Contrast this to Joe Lieberman's claim that he is a Democrat supporting John McCain. Forget that Lieberman voluntarily left the party after losing the primary to Ned Lamont back in 2006, forming an independent party and working in concert with the GOP to assure his continued presence in the Senate. His reelection was a direct result of the GOP abandoning their properly nominated candidate for Senate,
Alan Schlesinger, and giving Lieberman all the massive resources of the Republican party and high-profile GOP strategists like Karl Rove and fund raisers like Mel Sembler and New York City mayor Michael Bloomberg. So, for Lieberman to lie and say he's still a Democrat like he did at the Republican National Convention is patently ridiculous.

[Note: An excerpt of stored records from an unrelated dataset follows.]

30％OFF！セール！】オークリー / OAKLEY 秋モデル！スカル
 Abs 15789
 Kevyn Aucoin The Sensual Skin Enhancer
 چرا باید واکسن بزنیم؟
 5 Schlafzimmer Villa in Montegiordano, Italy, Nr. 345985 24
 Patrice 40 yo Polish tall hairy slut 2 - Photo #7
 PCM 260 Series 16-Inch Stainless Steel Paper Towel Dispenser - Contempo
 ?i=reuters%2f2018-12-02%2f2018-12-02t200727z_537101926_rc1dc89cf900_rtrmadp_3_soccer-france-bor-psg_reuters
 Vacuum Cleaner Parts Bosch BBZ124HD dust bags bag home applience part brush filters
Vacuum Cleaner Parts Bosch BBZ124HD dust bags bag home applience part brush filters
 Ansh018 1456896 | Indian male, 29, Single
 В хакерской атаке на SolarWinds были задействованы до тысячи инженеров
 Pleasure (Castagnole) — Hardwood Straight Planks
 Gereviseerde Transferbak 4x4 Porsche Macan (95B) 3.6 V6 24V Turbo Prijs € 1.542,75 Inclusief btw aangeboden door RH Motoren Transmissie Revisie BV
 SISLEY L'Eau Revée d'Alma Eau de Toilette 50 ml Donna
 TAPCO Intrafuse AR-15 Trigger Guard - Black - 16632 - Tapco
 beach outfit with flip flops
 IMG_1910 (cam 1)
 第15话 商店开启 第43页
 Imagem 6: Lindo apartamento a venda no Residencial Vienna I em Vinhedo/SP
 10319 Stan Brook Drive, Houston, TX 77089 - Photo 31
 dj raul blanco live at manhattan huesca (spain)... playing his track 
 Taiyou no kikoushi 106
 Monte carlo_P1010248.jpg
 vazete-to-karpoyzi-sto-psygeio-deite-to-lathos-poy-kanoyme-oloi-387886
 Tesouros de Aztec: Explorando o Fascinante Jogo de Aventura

Colin Powell, on the other hand, has shown a level of honesty and principle that should embarrass Joe Lieberman by comparison. Powell isn't a power-hungry, overly-ambitious, hang-on-at-all-costs politician like Lieberman. He's someone who soberly and seriously evaluated the two candidates, and then made his decision on what's best for the country, not his career.
Joe Lieberman, by comparison, is simply a sad little man and a noxious joke on the American people. He'll be forever known as a man who desperately reached for greatness, but never attained it.